The lines from the one with "Jack russell terrier" through the last line of the material below, copied exactly and free of pictures, make up the whole answer.

START Input data

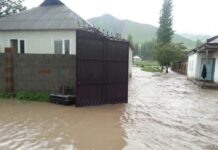 С 20 апреля по 1 июля в результате схода селей погибли 17 человек, 8 из них — дети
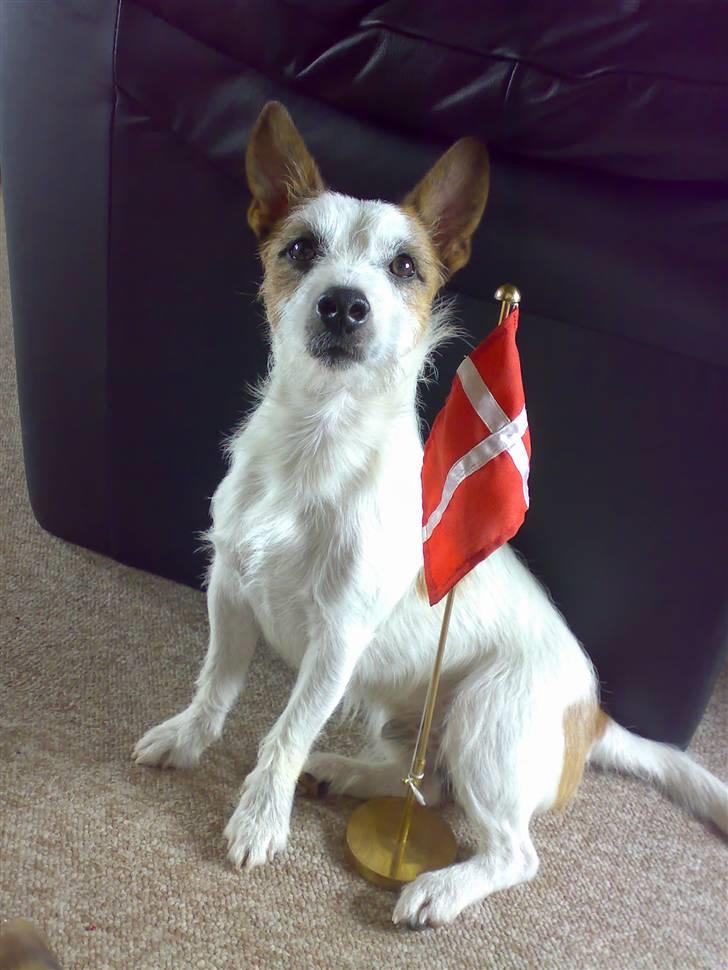 Jack russell terrier Milo - Juhuu min 1års fødselsdag den 27 april 08.. Er jeg ikk blevet stor :) billede 2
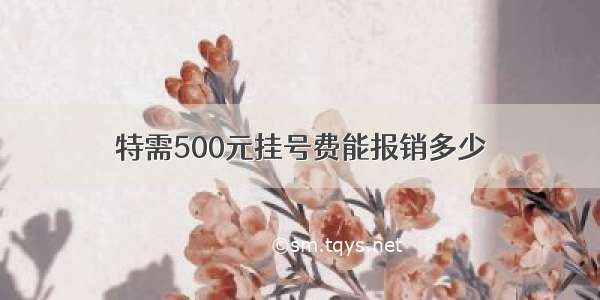 特需500元挂号费能报销多少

END Input data

**Answer to the exercise:**
 Jack russell terrier Milo - Juhuu min 1års fødselsdag den 27 april 08.. Er jeg ikk blevet stor :) billede 2
 特需500元挂号费能报销多少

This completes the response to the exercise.